▶ _Material provided_

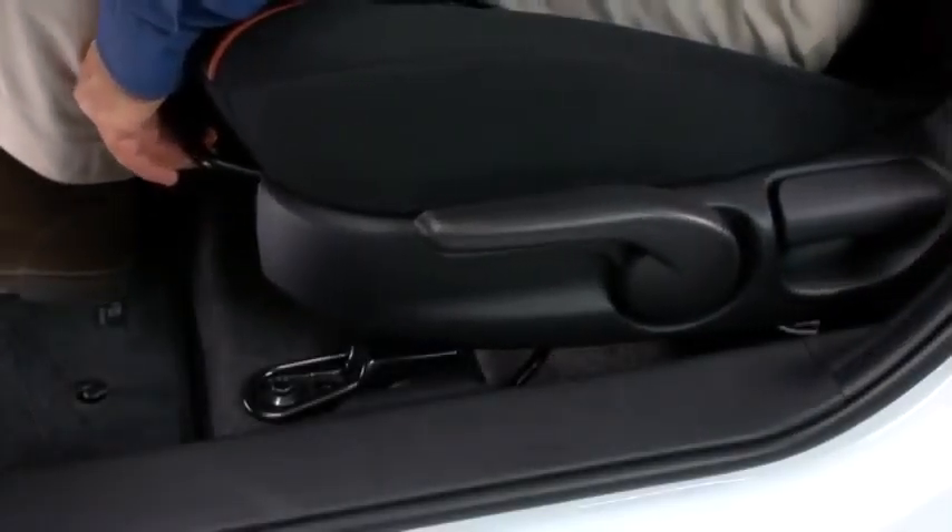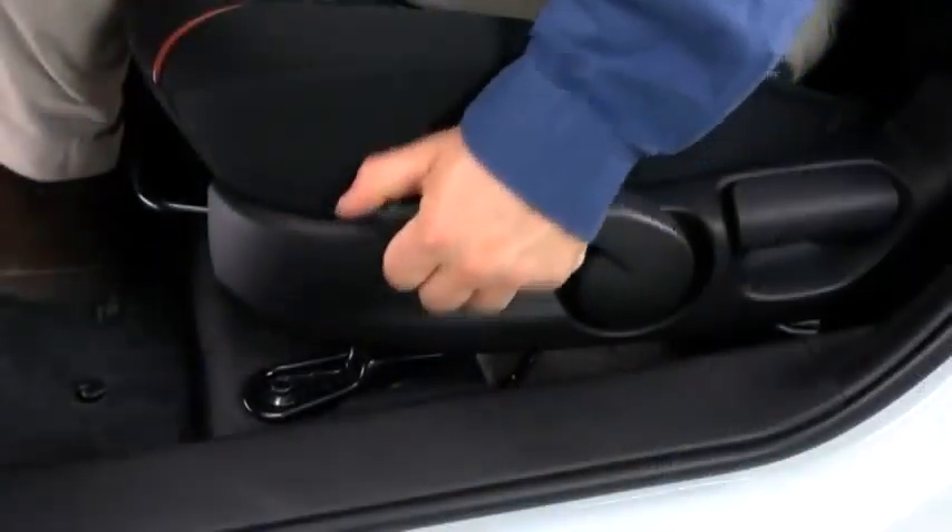The standard six-way adjustable driver seat creates an ergonomic, custom-fit ride, while premium upholstery and red contrast piping place a big emphasis on style.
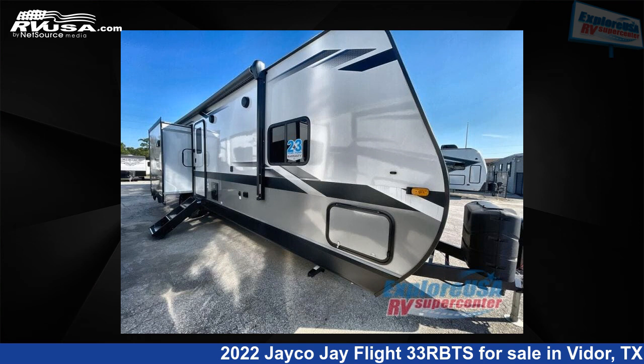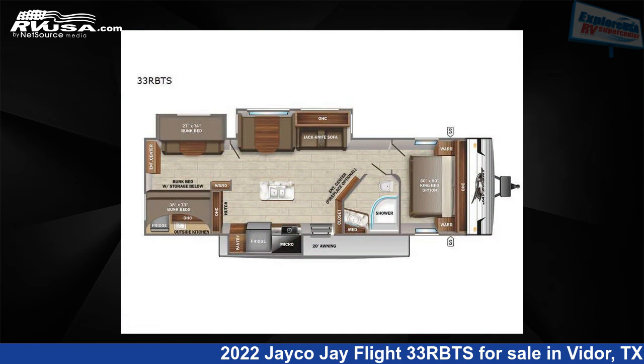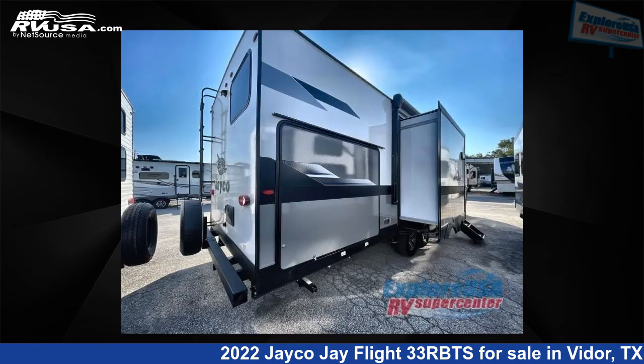This 2022 Jayco J Flight 33RBTS is a travel trailer RV. It is located in Vidor, Texas, 77662 and is offered for sale by Explore USA RV Supercenter, Beaumont, TX.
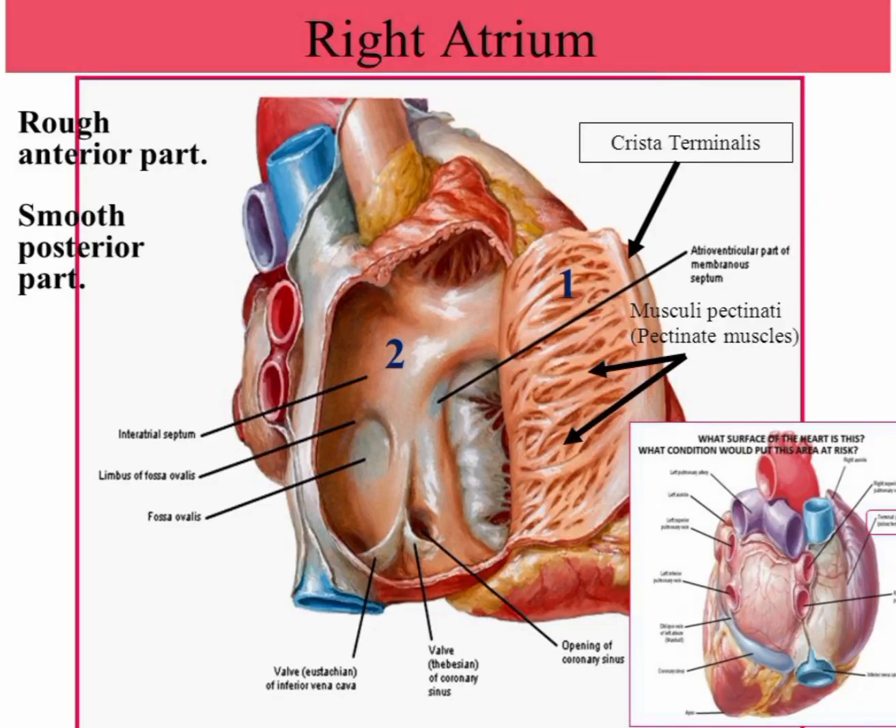The right atrium is one of the four chambers of the human heart that receives deoxygenated blood from the body's systemic circulation and pumps it to the right ventricle for pulmonary circulation. Its main function is to regulate blood flow and maintain proper blood pressure by coordinating with the other heart chambers. The right atrium contains the sinoatrial node, which is responsible for regulating the heart's rhythm and maintaining a regular heartbeat.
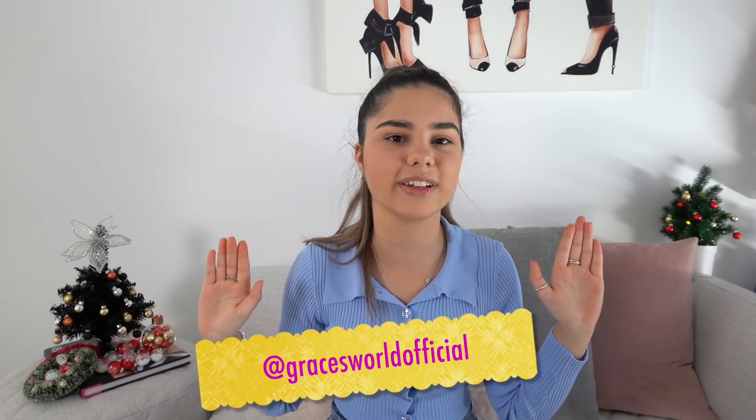Well, there you have it — 30 different Christmas gift ideas. Hopefully this is helpful to some of you guys. And I also hope you liked my little Christmas tree here. Mum said the big tree is not allowed to go up until the 1st of December, so I had to opt for this. But anyway, I hope you enjoyed this video. Don't forget to check out my Instagram at Grace's World Official, and I'll see you guys next time on Grace's Room. Bye for now.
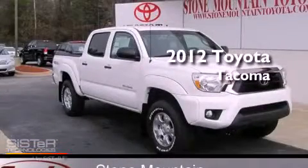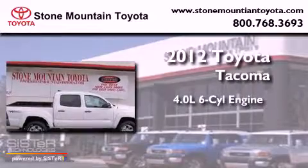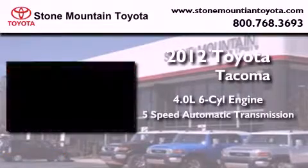This is a brand new 2012 Toyota Tacoma. It has a 4.0-liter six-cylinder engine and a five-speed automatic transmission.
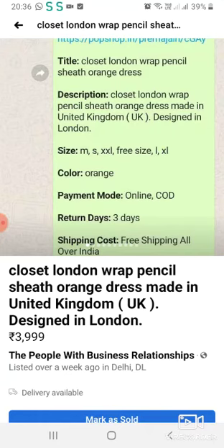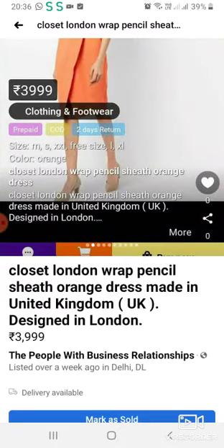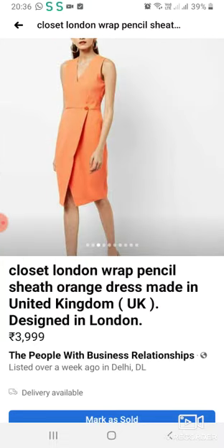This is Closet London's orange color dress, which is made in the UK. This is for sale. Please purchase it so that we can help animals with this money. This is Closet London's original piece. I am showing you the front, back, and side.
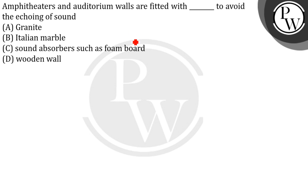The walls and roofs of an auditorium are covered with sound absorbent materials because sound absorbing materials absorb the sound waves and help to reduce the multiple reflection of sound — that is, they reduce the echoing. So the correct answer will be Option C: sound absorbers such as foam boards.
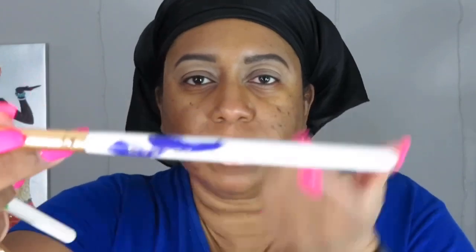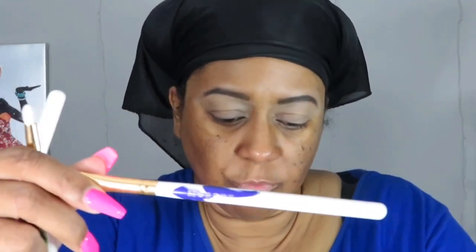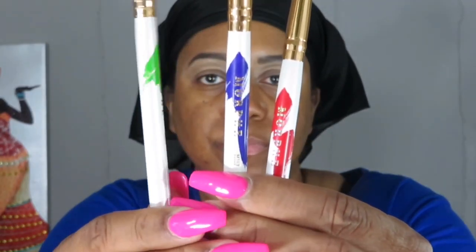For brushes, I'm going to use the Morphe M513, the Morphe M167, and the Morphe M431 — red, purple, and green brushes. Actually, I'm going to swap the red one out for my Juno and Company ES07 blending brush because I just like that one better.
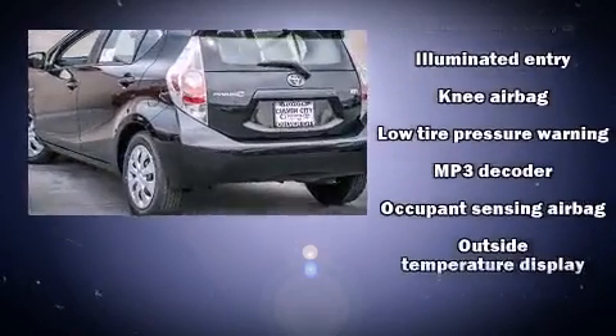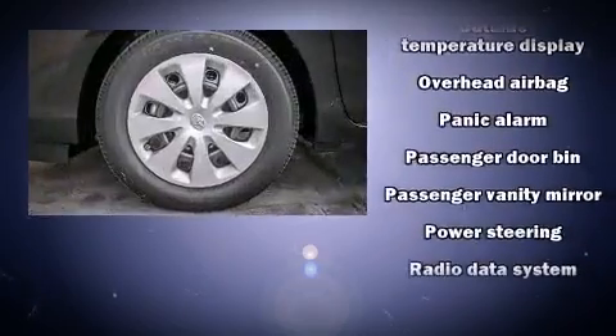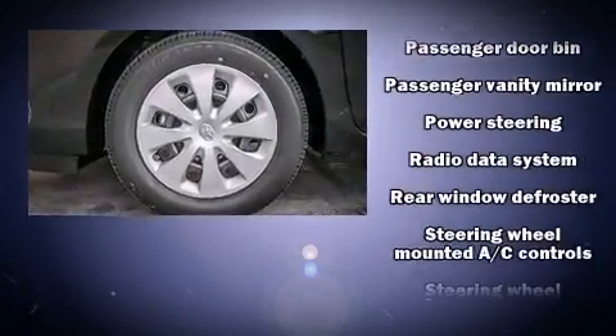With side curtain airbags supplementing the rest of the safety network, you can be assured that you and your passengers will experience top-tier protection.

▶ _Task directions_
Leave out every picture, and copy exactly the lines above starting at the one holding "The right atrium is" and ending at the one holding "This is a brand", no more and no less.

▶ _Output of the task_
The right atrium is one of the four chambers of the human heart that receives deoxygenated blood from the body's systemic circulation and pumps it to the right ventricle for pulmonary circulation. Its main function is to regulate blood flow and maintain proper blood pressure by coordinating with the other heart chambers. The right atrium contains the sinoatrial node, which is responsible for regulating the heart's rhythm and maintaining a regular heartbeat.
Well, there you have it — 30 different Christmas gift ideas. Hopefully this is helpful to some of you guys. And I also hope you liked my little Christmas tree here. Mum said the big tree is not allowed to go up until the 1st of December, so I had to opt for this. But anyway, I hope you enjoyed this video. Don't forget to check out my Instagram at Grace's World Official, and I'll see you guys next time on Grace's Room. Bye for now.
This is a brand new 2012 Toyota Tacoma. It has a 4.0-liter six-cylinder engine and a five-speed automatic transmission.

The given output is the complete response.